Tuesday, October 31, 2006

whatever, goodnight.

I'm not sure what it is about me, about her, but something just doesn't feel right. Like sometimes i feel like i'm completely settling for security when what i want is the extraordinary. I don't want to believe that my best days are behind me. I'd love to look forward to something.

Anything?

I want a story to tell. I feel like every time i sit down and write (to noone, mind you) all i'm doing is writing pathetic prose, skipping lines and adding italics for dramatic effect. I really don't have a story or method to my daily life. I have complaints and half-assed self realizations. I pretend that i'm a good writer, when I as far as i know, I can barely spell anymore.

Do i want to be a Lawyer? Do i want to be a teacher?

Am i smart enough for either, or am i just lazy enough to call it a "couldabeen"

whatever, goodnight.

Friday, October 20, 2006

wondering outloud the things i should be considering.?

I just drank two beers and i'm feeling talkative, but have noone to talk to. Lately i've been thinking about going to law school. I'm still determining my reasons for wanting to go, and I have no idea where to start. I dont know if it's just the desire to want to make more money (the more i find out about lawyerdom, the more i realize it's definitely NOT guaranteed prosperity), i dont know if its the desire to want to stay in school in complete avoidance of "real" life. I dont know if its the vain and shallow conceit that drives me to want to impress people with my occupation (but really, how often does one ask "what do you do?"). It's rare, and even if the question arised often, who the fuck cares? I'm not going to devote 3 more years of my education just for bragging rights?

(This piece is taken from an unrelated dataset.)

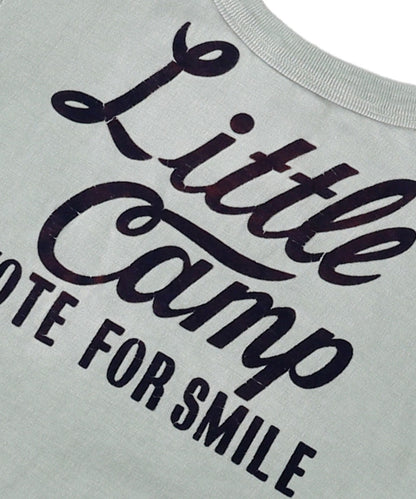 Vintage Cotton Jersey LITTLE CAMP Tee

I'd much sooner say to the question: "I'm a teacher, I'm a mechanic, i'm a nurse or a janitor for that matter, what does it matter? What i do to make money does not make me, me). It seems like too many people equate employment occupation with self justification. A person is not determined by the amount of money they earn, or by the seeming "importance" of their job.
A person is justified by the way they treat their friends, the way they treat their family, the way they treat their God. A person is only a person to other people.

That probably doesn't make sense, refer to line 2 of this blog for an explanation.

noone reads this, but that's ok. I love you.